In seeking concurrence from the Environment Minister by June 30th, the Water Minister is attempting to put the new water sharing rules into effect.

This is despite the fact that the NSW Government has been holding community consultation sessions in Menindee, Bourke and Walgett in the last month asking for feedback on the water sharing rules and the development of future regional water strategies across the State.

“To see that at the same time the Water Minister was supposedly engaged in consultation, he had already put those targets to the Environment Minister for concurrence, it’s an act of bad faith.

“There’s no other way to read that,” said Mr.

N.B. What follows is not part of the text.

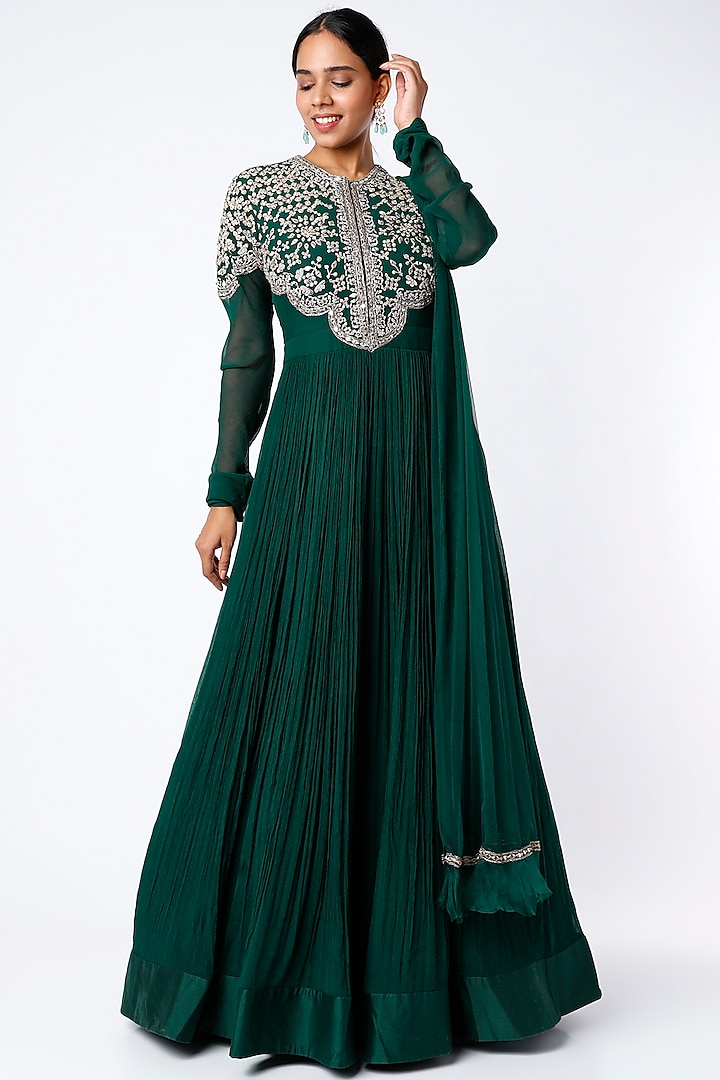 Emerald Green Embroidered Anarkali Set by Ridhi Mehra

Field on Thursday night’s Water Watch program.

Lower Darling community members have contested the 195GL total storage trigger target that is supposed to provide Menindee and the Lower Darling water security for 12 months.

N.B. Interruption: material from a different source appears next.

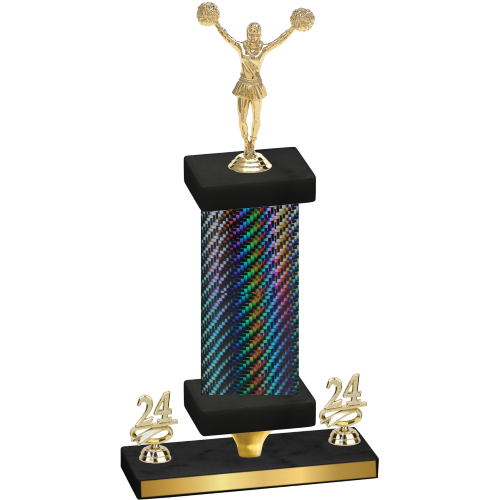 Premium Single Black Carbon Fiber Year Cheerleading Trophy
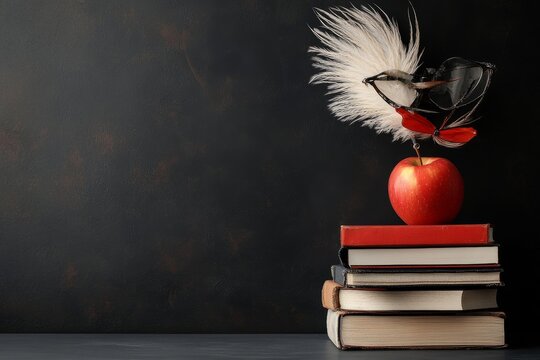 Creative arrangement of books, an apple, and accessories on a dark background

This low figure could leave Menindee with as little as 70GL, given 125GL of water at Menindee is potentially inaccessible across the vast lake system.

In the previous dry period, 195GL of total storage was recorded in August 2018. By December 2018 the first fish kill had occurred and another in January 2019.

Mr Field has stated that these triggers are so low, they would be largely ineffective at delivering any critical human needs or environmental outcomes downstream.

“It really doesn’t go to the issues raised by the community or in the three disallowance debates in the Upper House where there’s been an expectation that the targets not just be about the

first flush but be more broadly meeting those priorities of use provisions.

“It speaks for itself; the community must feel like they’ve been misled by the department and the Water Minister.

“Clearly if he had gotten an easy and quick tick off from the Environment Minister these things would be now in law in NSW and the consultation would have amounted to nothing.”

Mr Field has now uncovered email threads that reveal internal discussion within DPE Water where a senior public servant recommended that including downstream flow targets that prevent floodplain harvesting access when there is critical human and environmental needs would “better address some of the key concerns raised through the inquiry that relate to water sharing.

“This would strengthen the case that the Minister is taking all reasonable steps to comply with the Water Management Act 2000.”

The documents also reveal that DPE’s Environment Heritage Group had recommended in an issue paper that the Water Minister’s downstream flow targets are too low to protect key environmental assets outside of extreme dry periods.

The paper also reveals that the Environment Heritage Group has developed alternative flow targets based on environmental water requirements.

“What I am saying is that this is an act of bad faith by the Water Minister, we are asking the Environment Minister to press pause while we can look at this a bit more closely.”

NSW Water Minister, Kevin Anderson, MP, made the following response:

“By licensing floodplain harvesting the NSW Government is ensuring that the water take is accurately measured, giving greater protections to the environment and water users downstream.

“The Department provided legal advice that the plans can lawfully be made, and the targets comply with the principles of the Water Management Act.

“When it comes to managing water in NSW my view is healthy rivers, healthy farms, and healthy communities. Not one or the other.”

At the time of writing, the Barrier Truth cannot confirm whether changes to the Water Sharing Plans have been given concurrence by the Environment Minister.